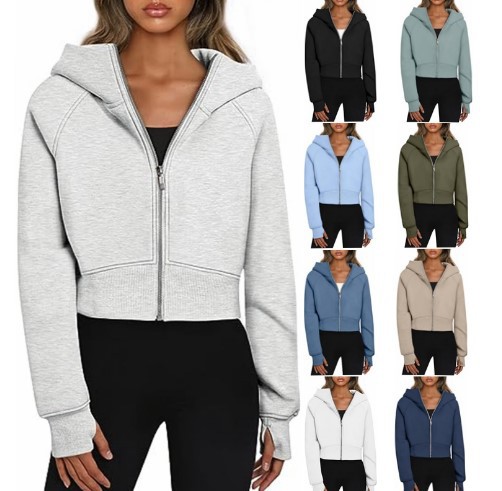 455g Weight Women's Streetwear Solid Color Zipper Zipper Hoodie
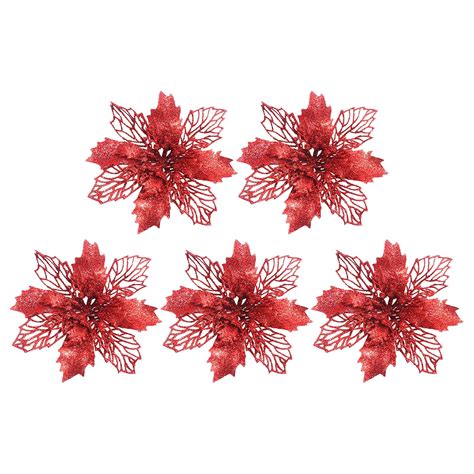 5 Pcs 15cm 5 9in Poinsettia Artificial Flowers With Clips And Stems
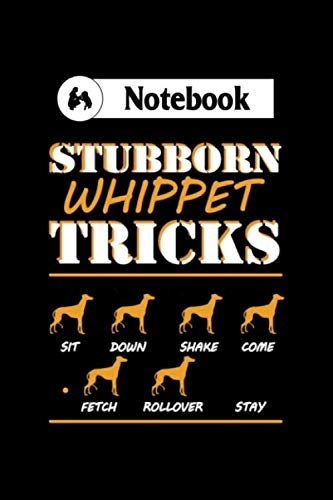  Notebook: greyhound whippet dog love funny : Dog walking log book 6x9 100 pages no bleed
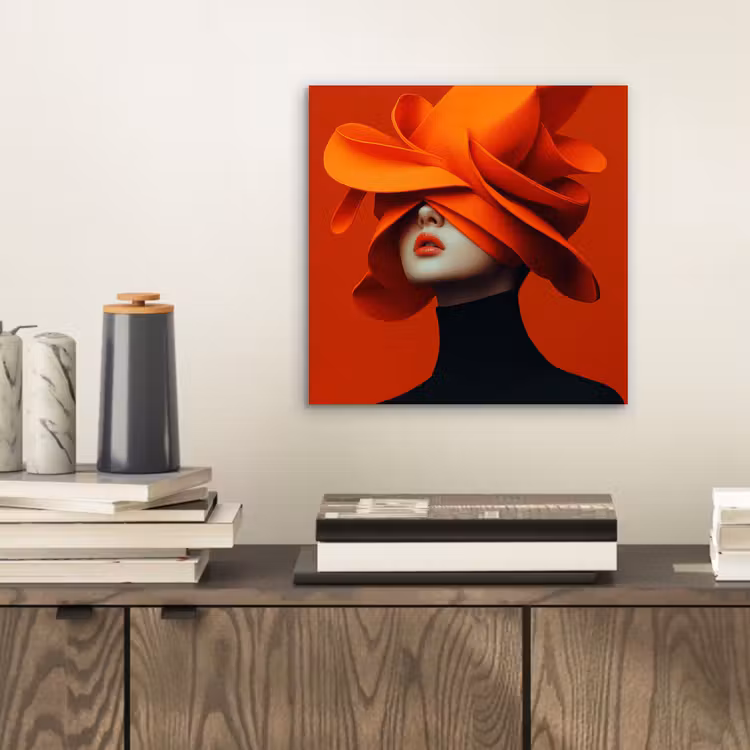 Aluminium schilderij - Oranje - Hoed - Vrouw — 2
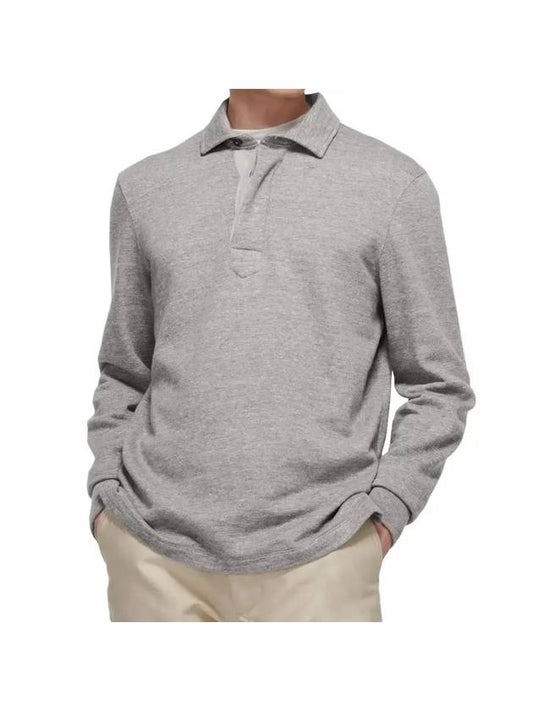 Cotton Long Sleeve Polo Shirt Grey - TOM FORD - BALAAN 1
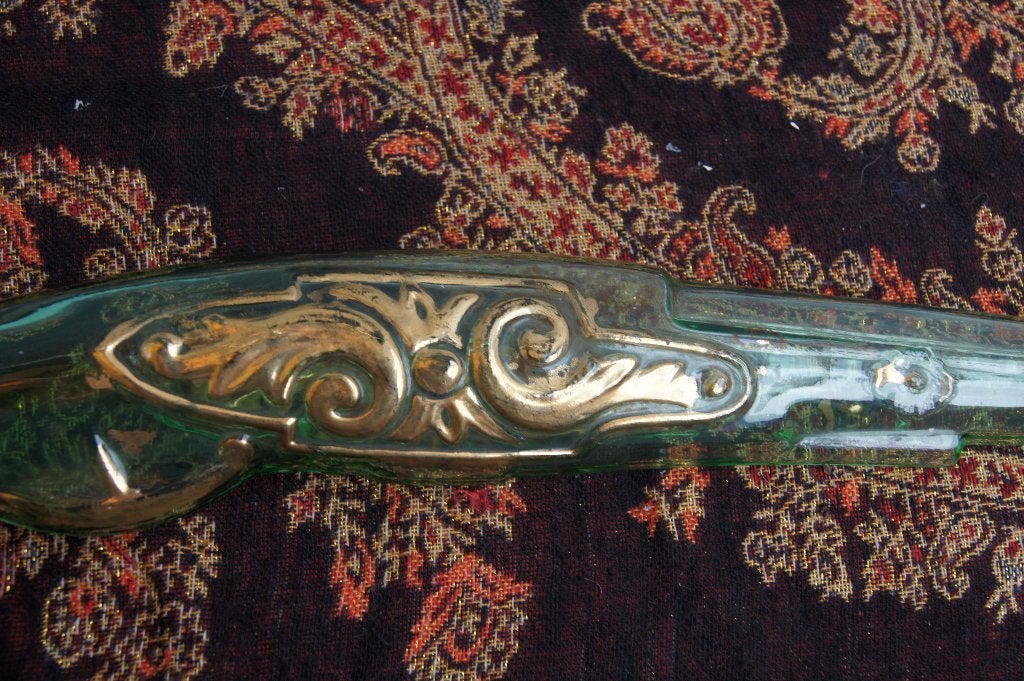 Geweerfles/groen glas Visfles / karaf met beker, Ophalen of Verzenden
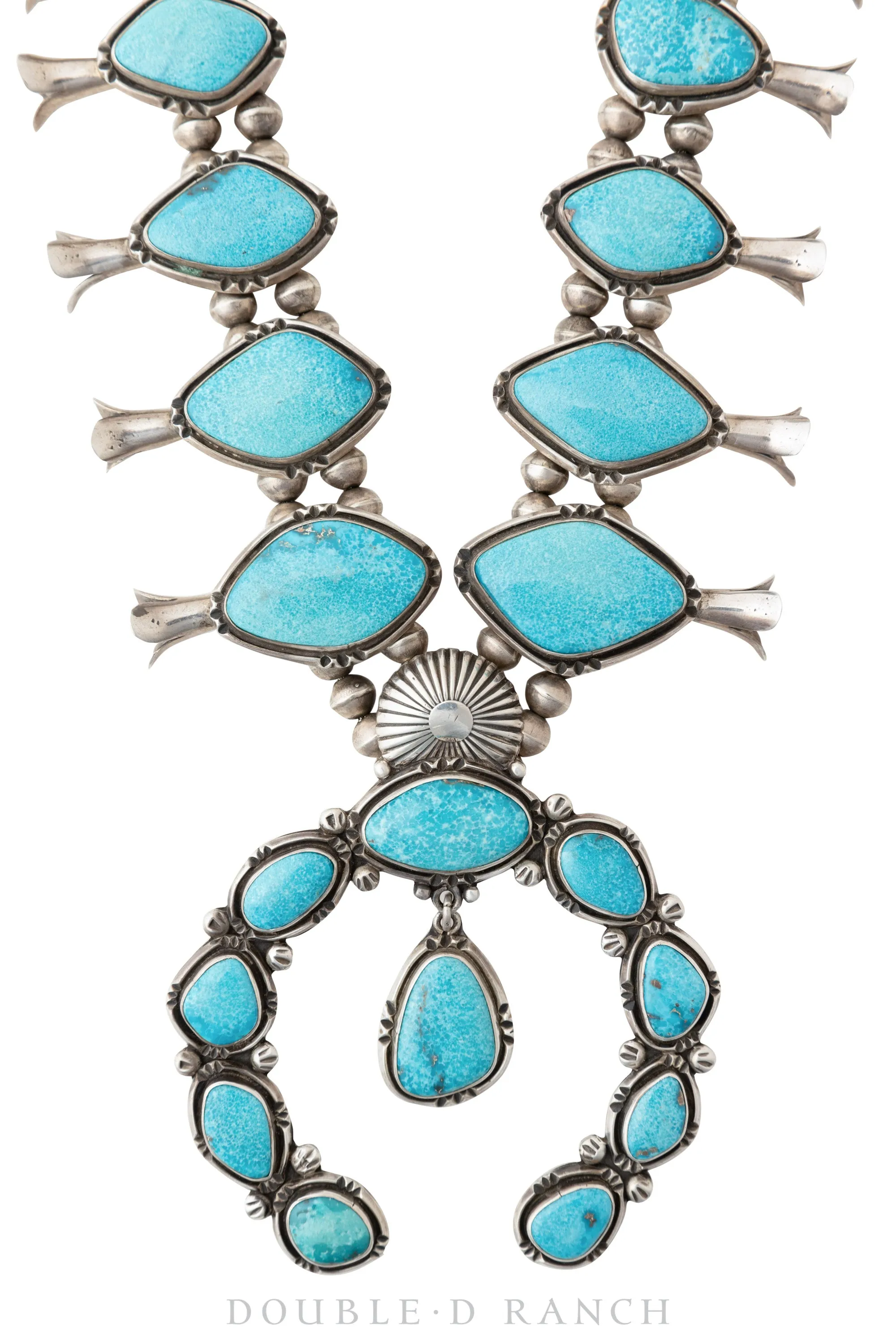 Necklace, Squash Blossom, Turquoise, Mark, Vintage, 1524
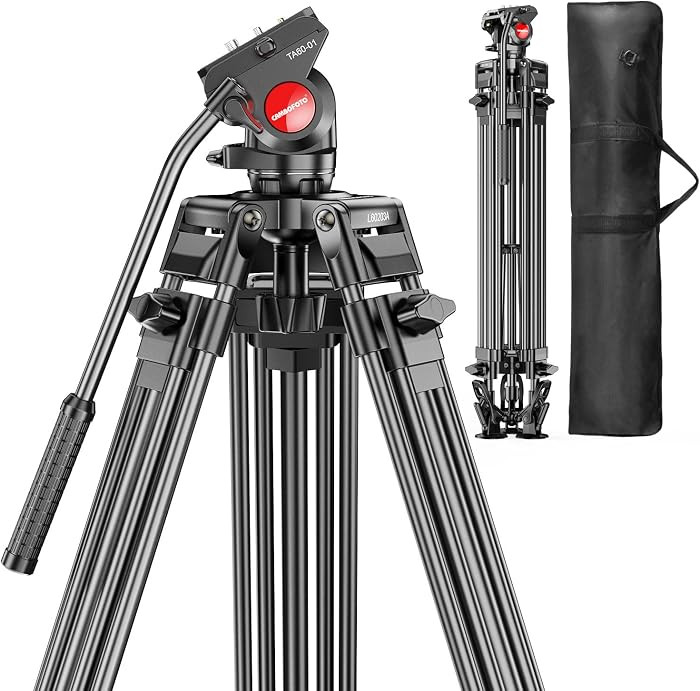 CAMBOFOTO 74"/190cm Video Tripod, Heavy Duty Tripod for Camera, Fluid Head | Amazon (US)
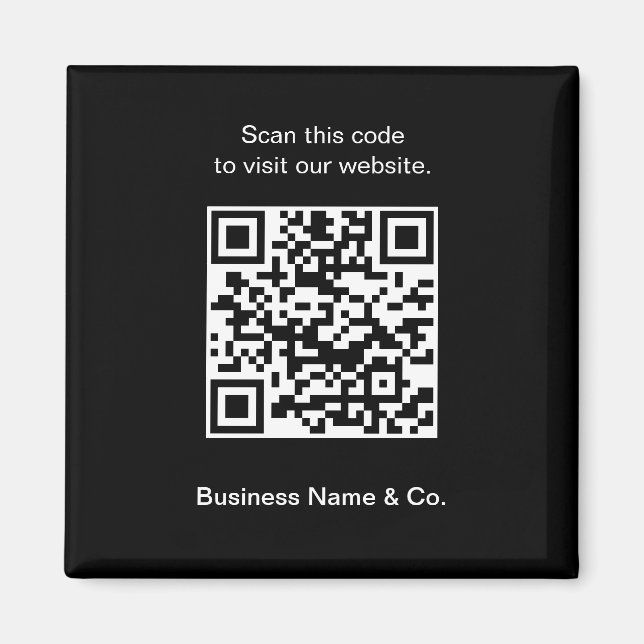 Íman Seu código QR Black White Promocional Business (Frente)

━━━━━━━━━━━━━━━━━━━━━━━━━━━━━━

» How to complete this task
If an entry above holds a picture, omit the picture but retype everything else exactly.

» Answer space
 455g Weight Women's Streetwear Solid Color Zipper Zipper Hoodie
 5 Pcs 15cm 5 9in Poinsettia Artificial Flowers With Clips And Stems
  Notebook: greyhound whippet dog love funny : Dog walking log book 6x9 100 pages no bleed
 Aluminium schilderij - Oranje - Hoed - Vrouw — 2
 Cotton Long Sleeve Polo Shirt Grey - TOM FORD - BALAAN 1
 Geweerfles/groen glas Visfles / karaf met beker, Ophalen of Verzenden
 Necklace, Squash Blossom, Turquoise, Mark, Vintage, 1524
 CAMBOFOTO 74"/190cm Video Tripod, Heavy Duty Tripod for Camera, Fluid Head | Amazon (US)
 Íman Seu código QR Black White Promocional Business (Frente)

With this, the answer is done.